> WHAT YOU SHOULD DO
Please repeat the whole listing exactly, but leave out any picture it holds.

> DATA PROVIDED
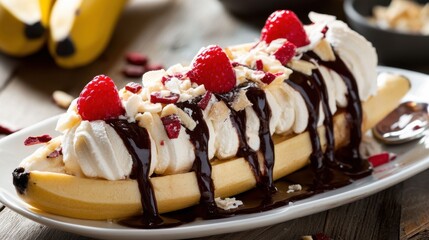 A banana split topped with whipped cream, fresh raspberries, and drizzled with chocolate sauce, served on a white plate.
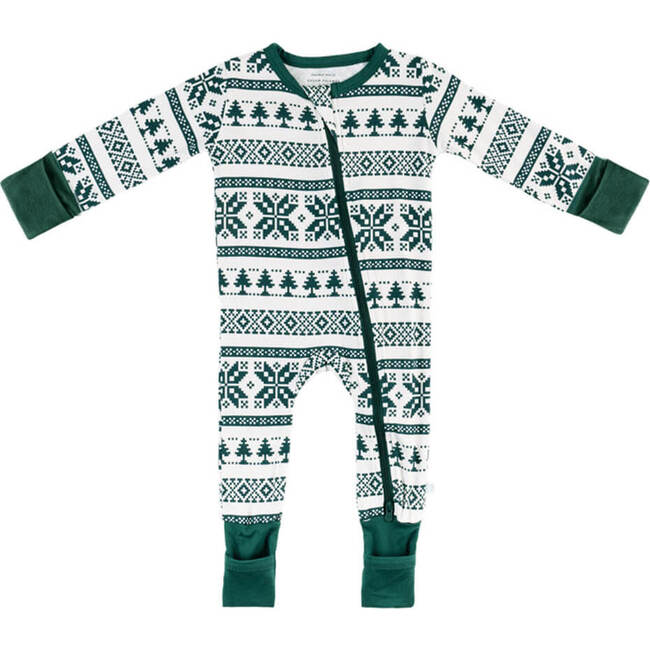 Baby Bamboo Pajamas W/ DreamCuffs®, Fair Isle Forest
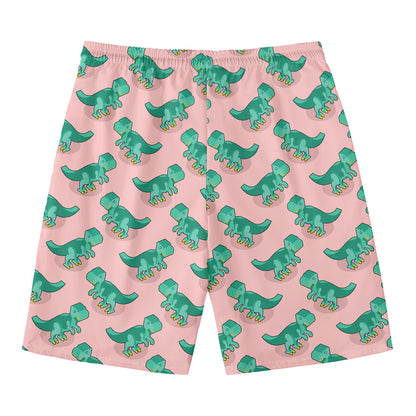 Isometric Tyrannosaurus Pattern Print Men's Swim Trunks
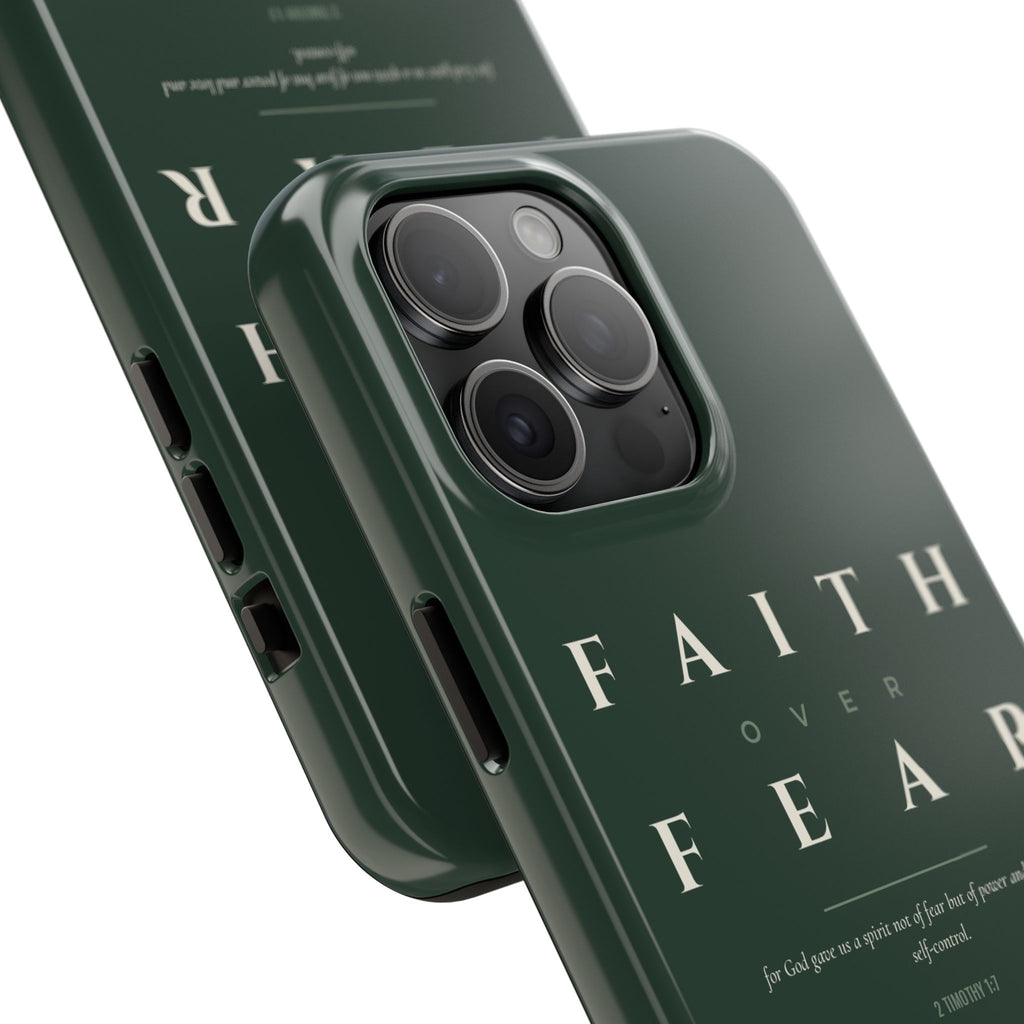 Faith Over Fear Phone Case | 2 Timothy 1:7 — Sage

> OUTPUT FOR THIS TASK
 A banana split topped with whipped cream, fresh raspberries, and drizzled with chocolate sauce, served on a white plate.
 Baby Bamboo Pajamas W/ DreamCuffs®, Fair Isle Forest
 Isometric Tyrannosaurus Pattern Print Men's Swim Trunks
 Faith Over Fear Phone Case | 2 Timothy 1:7 — Sage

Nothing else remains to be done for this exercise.